Top of Exercise materials
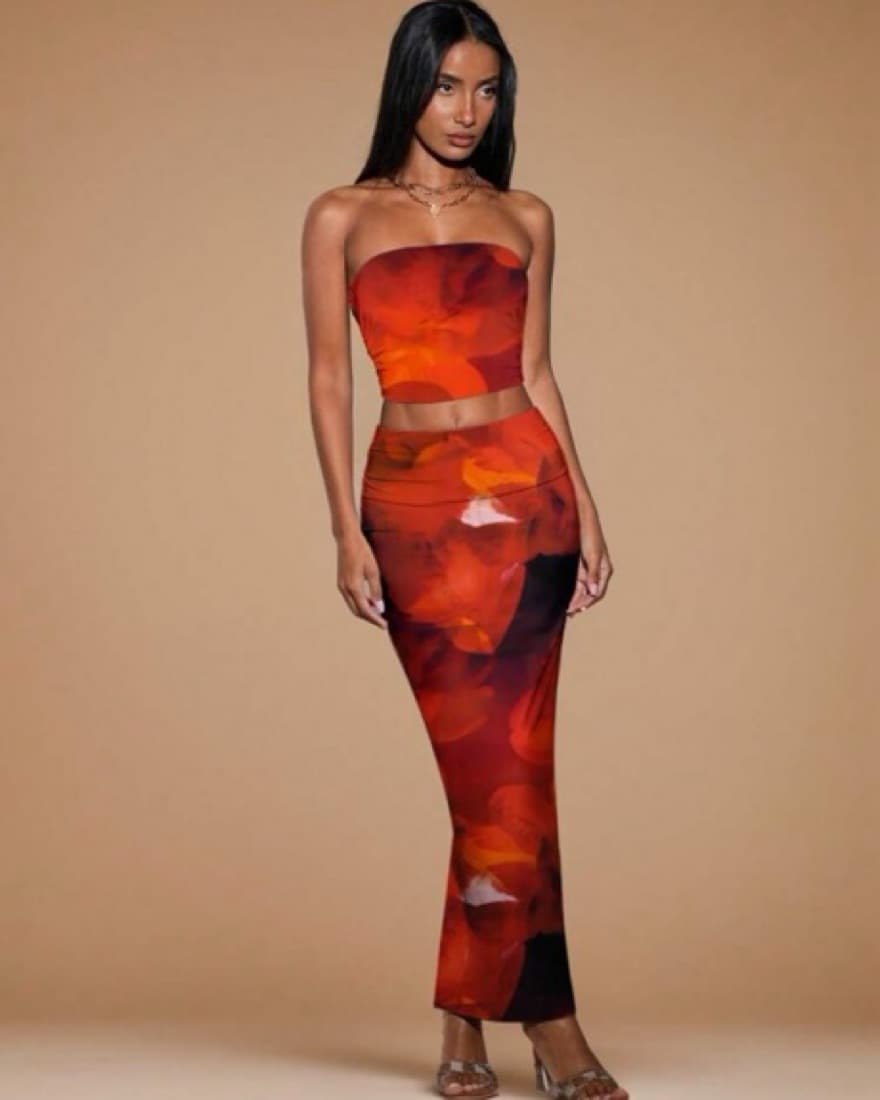 Red Summer Floral Two Piece Dress - Image 1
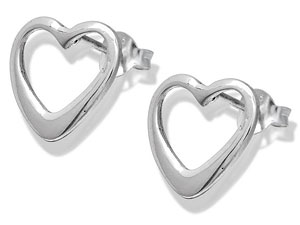 silver Heart Earrings 060211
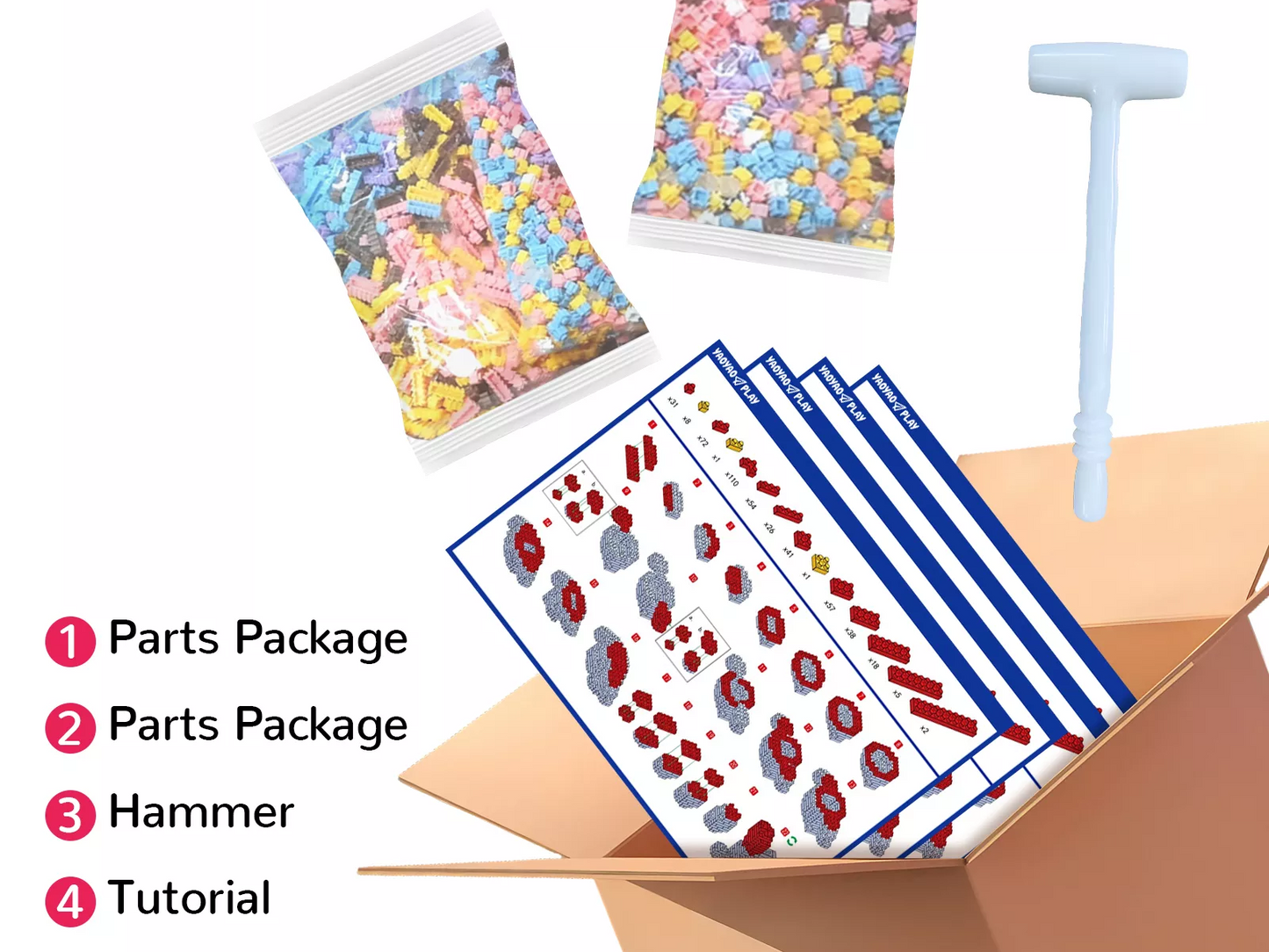 YaoYaoPlay Blue Upright-ear Stitch Building Block Set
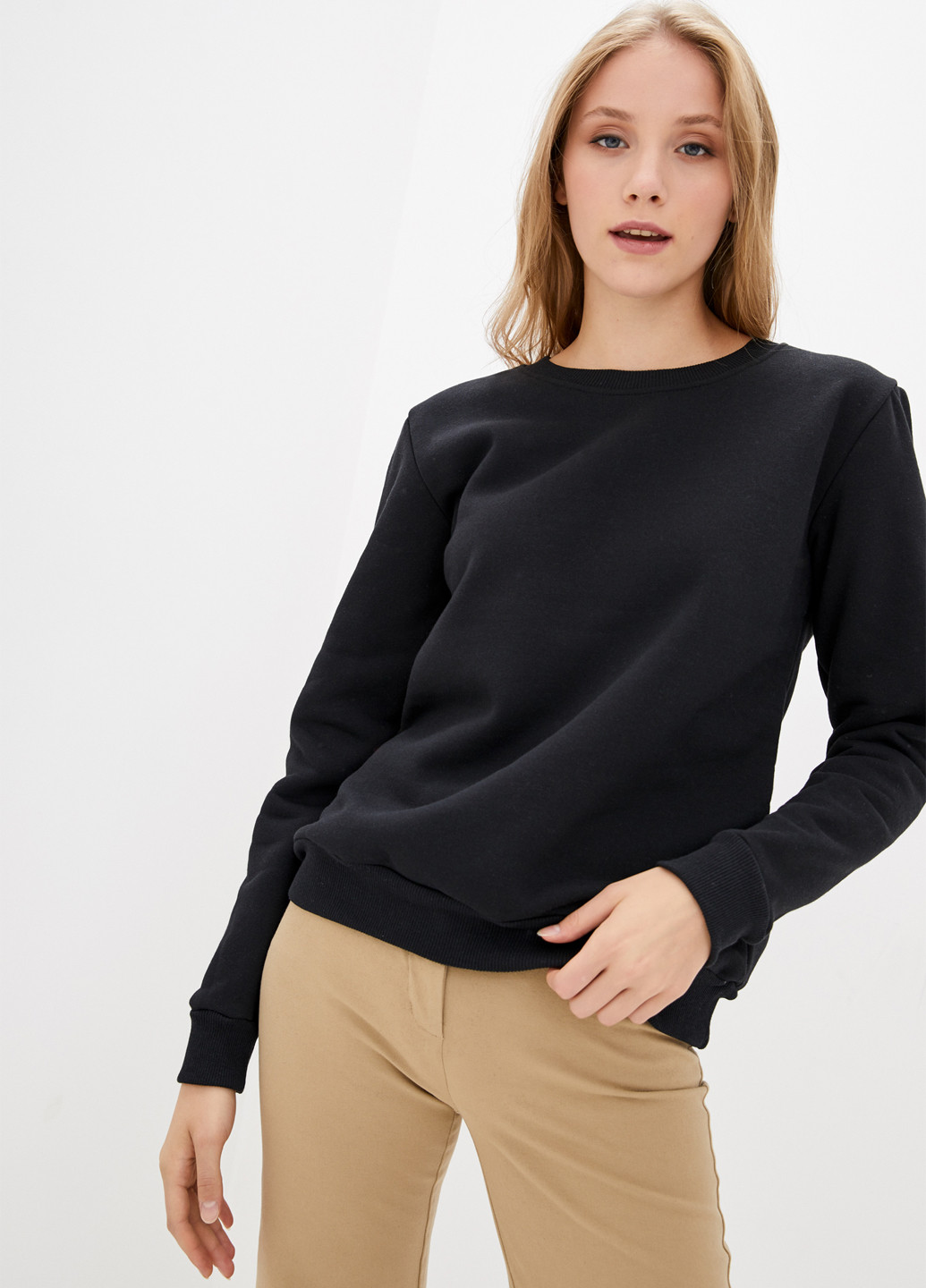 Черный свитшот Shik однотонный без декора (346456108)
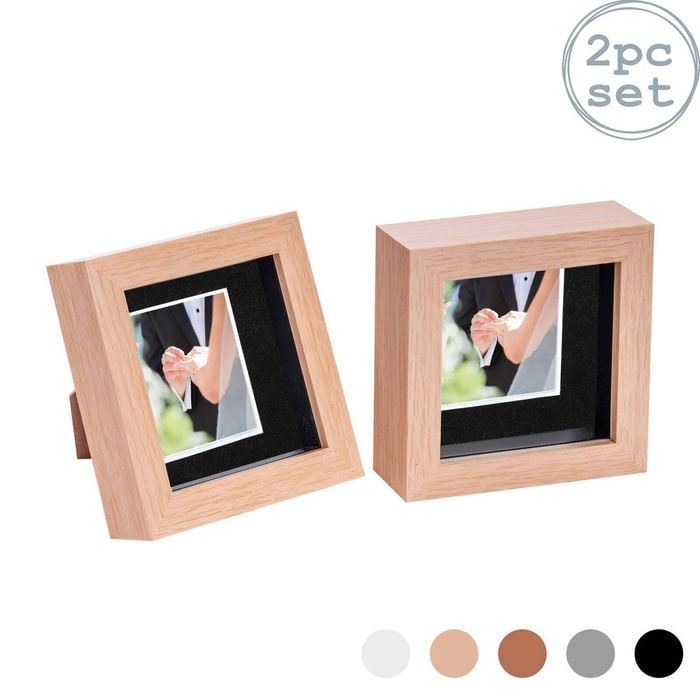 Nicola Spring Shadow Box Frames - 4 x 4" with 2 x 2" Mount - Light Wood - Pack of 2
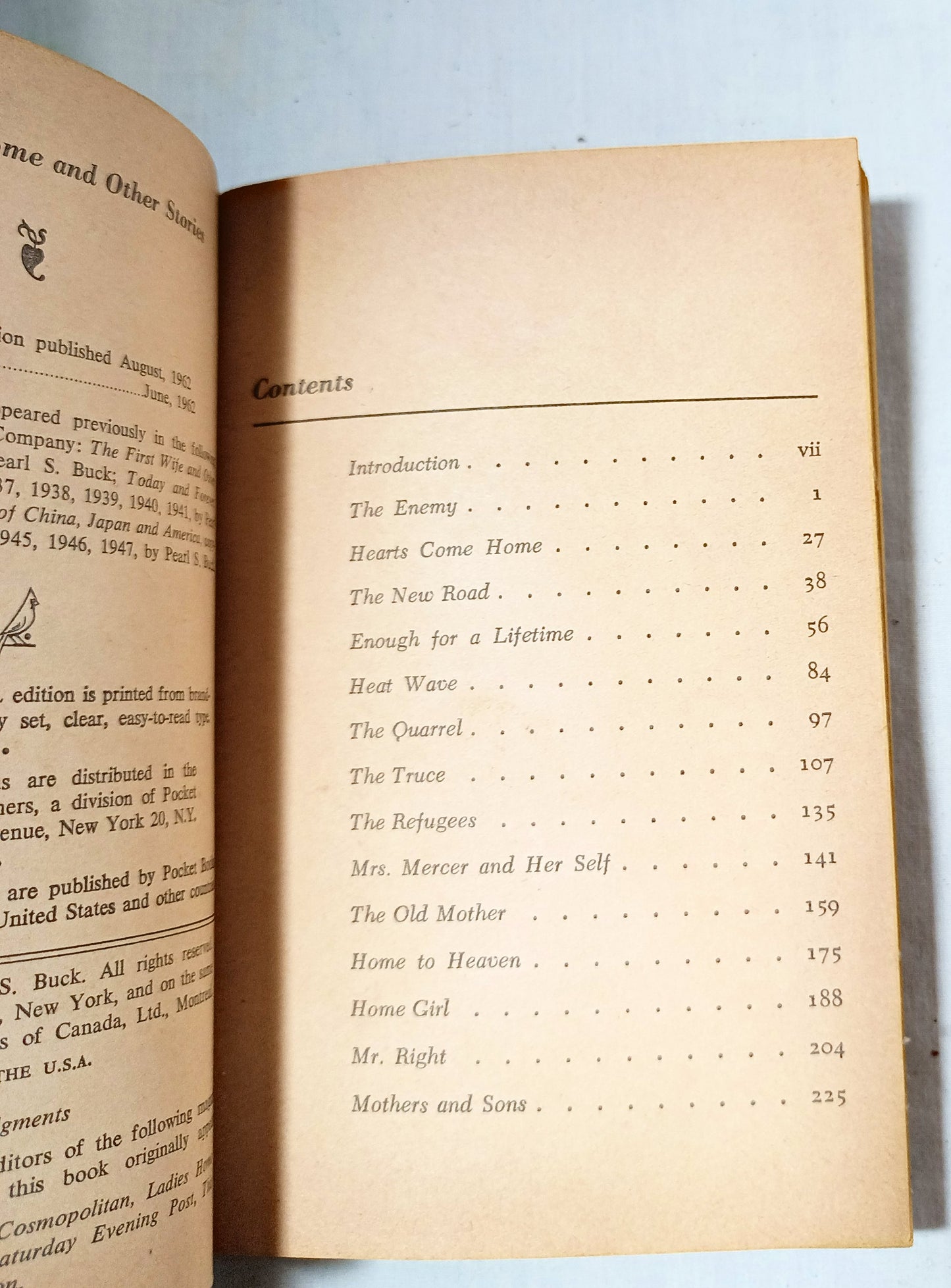 Pearl S Buck Hearts Come Home And Other Stories Pocket Books 1962 - TulipStuff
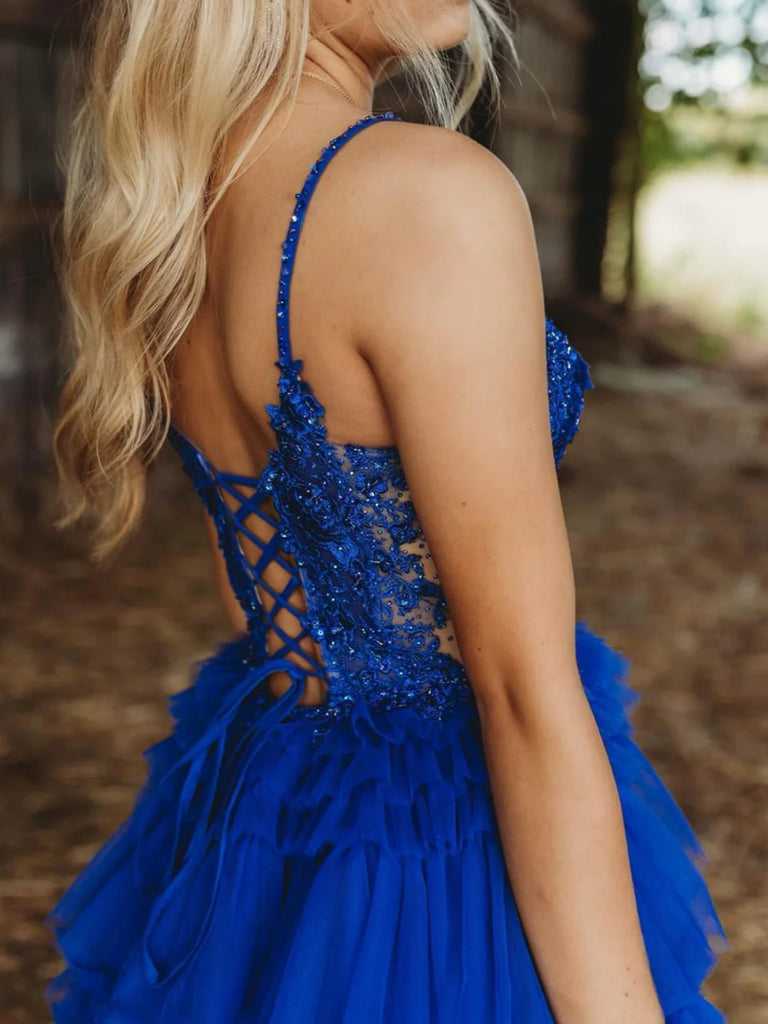 V Neck Royal Blue Lace Short Prom Dresses, Short V Neck Royal Blue Lac jbydress V Neck Royal Blue Lace Short Prom Dresses, Short V Neck Royal Blue Lac jbydress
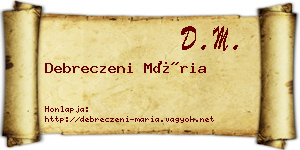 Debreczeni Mária névjegykártya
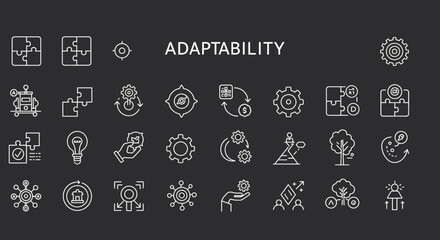 Visual representation of adaptability, flexibility and resilience icons design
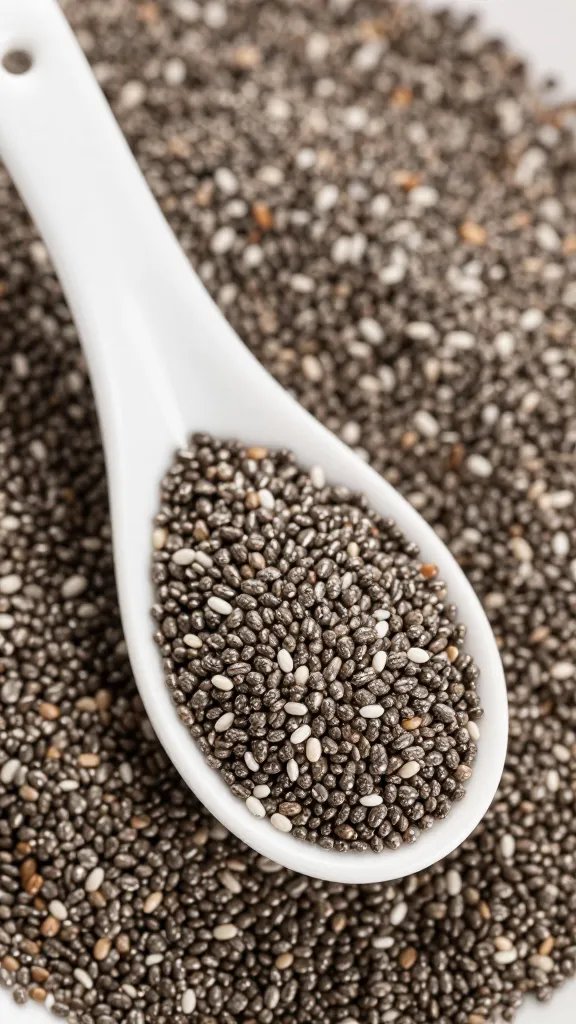 overhead scoop of chia seeds on white ceramic spoon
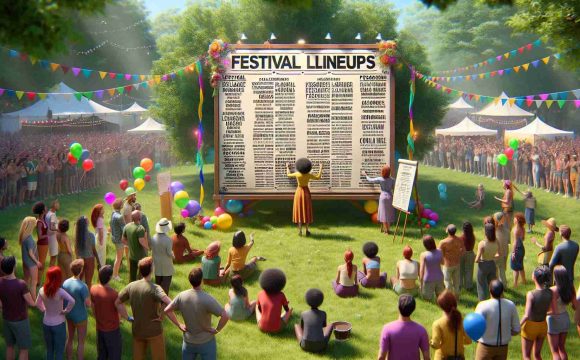 High-definition, realistic image of a vibrant and lively scene at Kalorama Park, where the announcement of a highly anticipated and new festival lineup is being made. Picture a large, handwritten poster with the festival lineups on an easel that is revealed by a cheerful festival organizer in a sunlit, grassy park with trees. Attendees, varied in age, race, and gender, eagerly gather to view the diverse festival lineup amidst colorful balloons, decorations, and a festive ambiance.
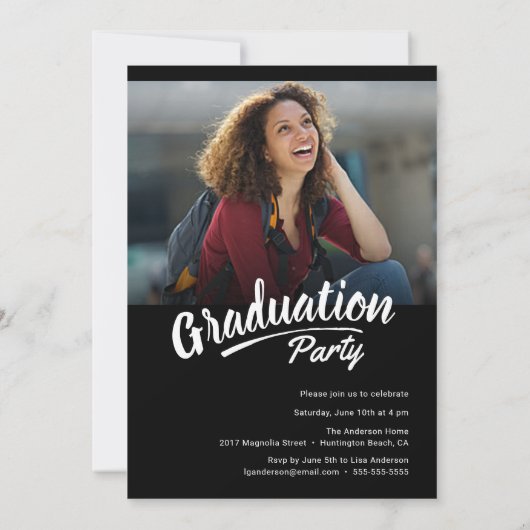 Afstuderen Modern Brush Script 2+Sided Party 2020 Kaart (Achterkant)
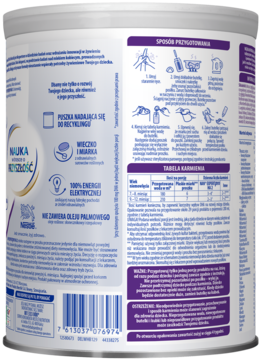 Tył białego opakowania mleka NAN EXPERTpro HA 2 z fioletowymi i złotymi detalami, instrukcje i tabela żywienia.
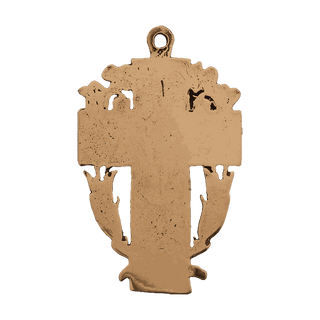 Vintage Bronze Eucharistic Cross with Chalice and Wheat — reverse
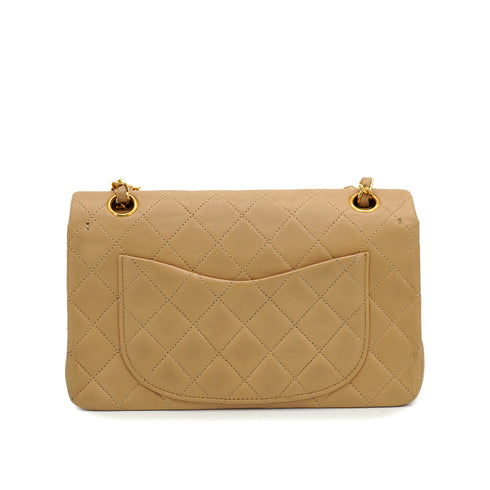 VINTAGE CHANEL CLASSIC FLAP SMALL CHAIN SHOULDER BAG BEIGE LAMB SKIN GOLD HARDWARE 90315882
Bottom of Exercise materials
*About this exercise:* Omit the pictures, then print the rest of the listing above exactly.

*Solved exercise:*
 Red Summer Floral Two Piece Dress - Image 1
 silver Heart Earrings 060211
 YaoYaoPlay Blue Upright-ear Stitch Building Block Set
 Черный свитшот Shik однотонный без декора (346456108)
 Nicola Spring Shadow Box Frames - 4 x 4" with 2 x 2" Mount - Light Wood - Pack of 2
 Pearl S Buck Hearts Come Home And Other Stories Pocket Books 1962 - TulipStuff
 V Neck Royal Blue Lace Short Prom Dresses, Short V Neck Royal Blue Lac jbydress V Neck Royal Blue Lace Short Prom Dresses, Short V Neck Royal Blue Lac jbydress
 Debreczeni Mária névjegykártya
 Visual representation of adaptability, flexibility and resilience icons design
 overhead scoop of chia seeds on white ceramic spoon
 High-definition, realistic image of a vibrant and lively scene at Kalorama Park, where the announcement of a highly anticipated and new festival lineup is being made. Picture a large, handwritten poster with the festival lineups on an easel that is revealed by a cheerful festival organizer in a sunlit, grassy park with trees. Attendees, varied in age, race, and gender, eagerly gather to view the diverse festival lineup amidst colorful balloons, decorations, and a festive ambiance.
 Afstuderen Modern Brush Script 2+Sided Party 2020 Kaart (Achterkant)
 Tył białego opakowania mleka NAN EXPERTpro HA 2 z fioletowymi i złotymi detalami, instrukcje i tabela żywienia.
 Vintage Bronze Eucharistic Cross with Chalice and Wheat — reverse
 VINTAGE CHANEL CLASSIC FLAP SMALL CHAIN SHOULDER BAG BEIGE LAMB SKIN GOLD HARDWARE 90315882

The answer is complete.